By Michael A. Memoli, Tribune Washington Bureau
CAMBRIDGE, MD — President Barack Obama delivered an election-year pep talk to Democrats on Friday, thanking his congressional allies for showing courage and unity “under the most difficult circumstances” in budget battles with Republicans.
Speaking at the House Democratic caucus’s three-day retreat here, the president said the recent passage of a debt-ceiling increase without any concession to Republican demands showed the power of a unified Democratic Party.
But while praising the Democrats and offering Valentine’s Day wishes to Minority Leader Nancy Pelosi of California, Obama notably did not repeat the prediction he made last year that she would regain her role as speaker after this November’s elections. Rather than talk of regaining their majority, the most optimistic Democrats now talk of cutting into the Republicans’ current 32-seat advantage in the House.
Instead of forecasting that the party would regain the House majority for the final two years of his tenure, Obama thanked Democrats for showing “time and time again, under the most difficult circumstances, the kind of courage and unity and discipline that has made me very, very proud.”
“The fact that we are no longer going to see, I believe, anybody try to hold our government hostage and threaten the full faith and credit of the United States of America in order to contract policy concessions, the fact that we were able to pass a clean debt limit is just one example of why when you guys are unified, you guys stick together, this country is better off,” Obama said.
“I could not be more thankful or more appreciative, prouder of what you’re doing.”
The House passed a debt-limit increase on Tuesday, well before a Feb. 27 deadline, only because the overwhelming majority of Democrats in the House and Senate voted for it.
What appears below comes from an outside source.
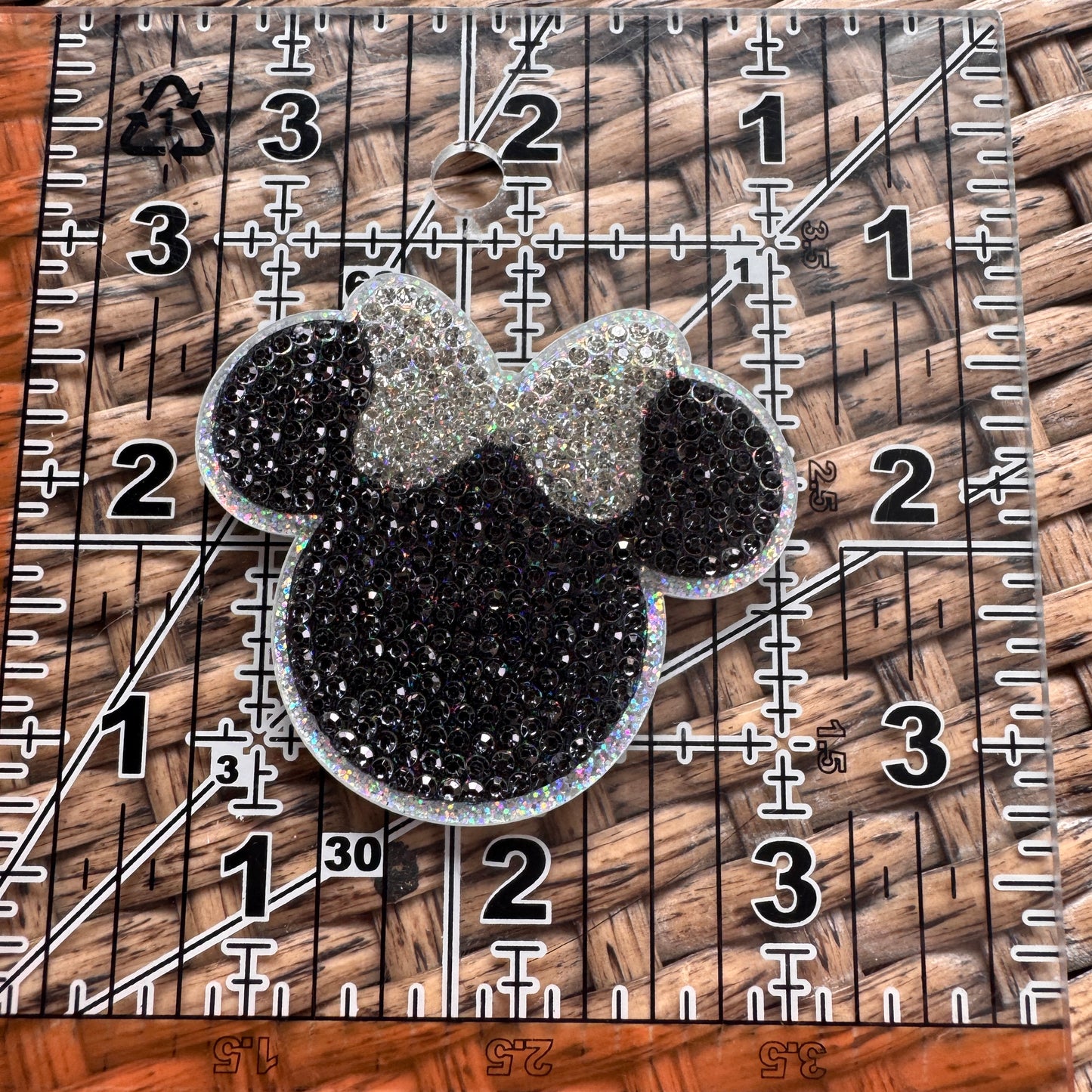 Acrylic Flatback, Planar, Cabochon, Single Pc -Rhinestone Black Mickey Head with Bow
Passage marked the first time in several years that Congress dealt with the debt ceiling without a last-minute standoff over policy issues.
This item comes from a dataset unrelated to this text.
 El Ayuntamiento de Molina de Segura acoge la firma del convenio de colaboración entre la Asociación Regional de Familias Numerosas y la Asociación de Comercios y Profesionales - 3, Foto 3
Democratic unity was also key to passing Obama’s landmark health care reform law, which Republicans have sought to use as an electoral weapon against Democrats in contested districts. The president sought to reassure Democrats that the law is, after initial technical problems, back on track, with enrollments exceeding projections in January.
“I just want to say thank you for all of you hanging in there tough on an issue that, I think, 10 years from now, five years from now, we’re going to look back and say this was a monumental achievement that could not have happened had it not been for this caucus,” he said.
Vice President Joe Biden, who preceded Obama in speaking to the group, similarly urged lawmakers to “keep your eye on the ball” and focus not “on the few things that we do have problems with” but “on all that we have going for us going into this election.”
Biden, who had to postpone his scheduled visit to the gathering Thursday because of the snowy conditions in Washington, argued that public sentiment was now on Democrats’ side on most of the major issues. He cited polls done for the party that purportedly showed 55 percent of voters in swing districts are against repealing the health care law.
“This is the first time in my career … where on every major issue, the American people agree with the Democratic Party,” Biden argued, while also assuring nervous Democrats that there were “three political lifetimes” between now and the November elections.